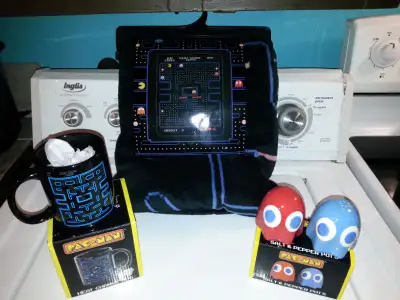 Article Pac-Man, couverture en molleton pac man, tasse pacman et salière poivrière Le tout Neuf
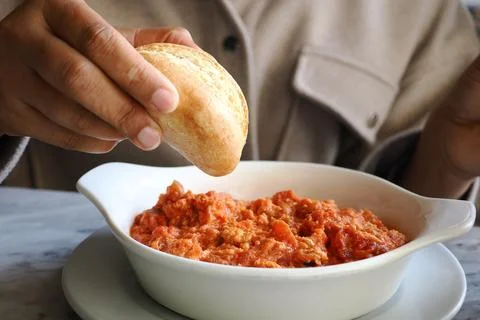 A delicious plate featuring bread accompanied by a savory tomato dish rests Fotos Stock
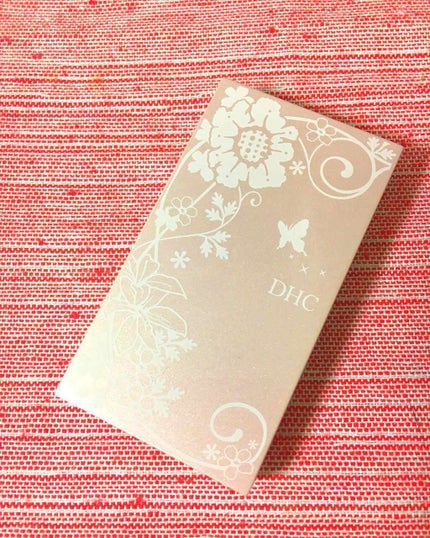 DHC アイシャドウパレット ミラー・チップ付きのクチコミ「DHCのアイシャドウパレット、GD04番ブラウン系のカラー
どの色も普段使いしやすいカラーで.....」(1枚目)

---

_YOUR ASSIGNMENT_. The data is to be printed again exactly, but without its pictures.

_ANSWER BOX_.
 Article Pac-Man, couverture en molleton pac man, tasse pacman et salière poivrière Le tout Neuf
 A delicious plate featuring bread accompanied by a savory tomato dish rests Fotos Stock
 DHC アイシャドウパレット ミラー・チップ付きのクチコミ「DHCのアイシャドウパレット、GD04番ブラウン系のカラー
どの色も普段使いしやすいカラーで.....」(1枚目)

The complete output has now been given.